Topic-level Apache Kafka optimization
Topic configurations tremendously impact Kafka cluster performance. Configurations should be set correctly from the beginning to avoid the need for challenging alterations. If changes are required, simply create a new topic. Always test new topics in a staging environment before moving them into production.
Use the recommended replication factor of three. To handle large messages, break them into ordered pieces if possible, or use pointers to the data. Otherwise, enable compression on the producer’s side. If messages are larger than the default log segment size of 1 GB, consider the use case and options. Partition count is a crucial setting as well (discussed below).

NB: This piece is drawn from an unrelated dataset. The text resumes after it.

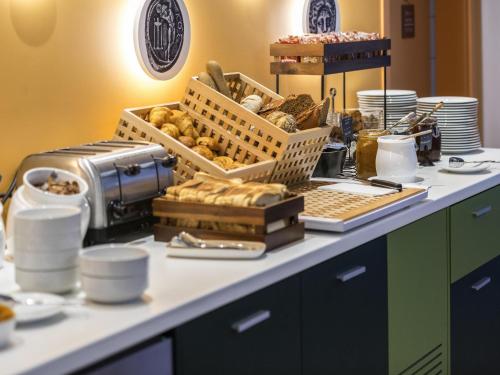 a table with baskets of bread and other food on it at ibis Styles Athens Routes in Athens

Topic configurations have a “server default” property that can be overridden for topic-specific configurations. This example creates a topic from the console with a replication factor of three, and three partitions with other “topic level” configurations:
bin/kafka-topics.sh –zookeeper ip_addr_of_zookeeper:2181 –create
–topic my-topic –partitions 3 –replication-factor 3 –config
max.message.bytes=64000 –config flush.messages=1
Continuously managing Kafka to maintain optimization means balancing trade-offs to achieve high throughput, low latency, high durability (ensuring messages aren’t lost!), and high availability. Kafka is also designed for parallel processing, and fully utilizing it requires a balancing act itself. Partition count is a topic-level setting, and the more partitions, the greater the parallelization and throughput. However, partitions also mean more replication latency, rebalances, and open server files.

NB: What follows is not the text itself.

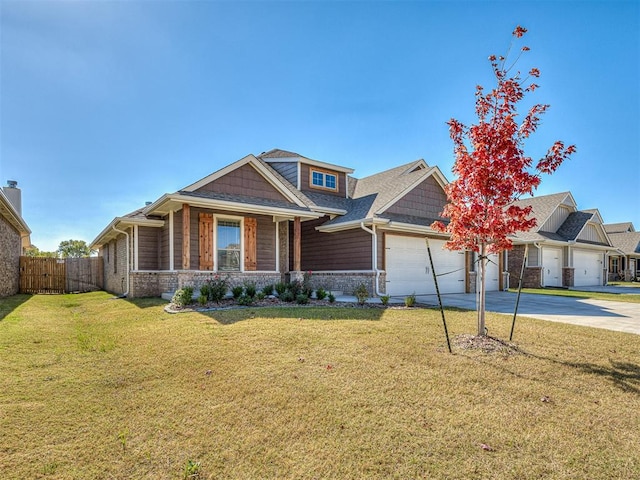 craftsman house featuring a front yard and a garage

To optimize partition settings, calculate the throughput you wish to achieve, then calculate the number of partitions needed. Begin from the estimate that one partition on a single topic can deliver at least 10 MB/s. Alternatively, run tests using one partition per broker per topic, check the results, and double the partitions if more throughput is needed. As a guideline, keep total topic partitions below ten and total cluster partitions below 10,000 (otherwise, challenging rebalances and outages will occur).
This example creates a Kafka topic with a set number of partitions:
bin/kafka-topics.sh –zookeeper ip_addr_of_zookeeper:2181 –create
–topic my-topic –partitions 3 –replication-factor 3 –config
max.message.bytes=64000 –config flush.messages=1
The below example increases the partition count after creation (this impacts consumers – do this only after addressing all consequences):
bin/kafka-topics.sh –zookeeper zk_host:port/chroot –alter –topic
topic_name –partitions new_number_of_partitions
Wrapping Up
Apache Kafka is relatively easy to get started with but can have some complexities to maintain if you don’t know what boxes to tick and what paths to avoid. Don’t let that scare you off; the benefits of Kafka are well worth the effort and critical to data-layer modernization. (And, of course, Kafka is open source and works incredibly well in its pure, 100% open source version – no proprietary or open core add-ons needed.) By carefully managing cluster and topic-level configurations – and balancing throughput, latency, durability, and availability in line with the needs of your application – a continually optimized Apache Kafka deployment is there for the taking.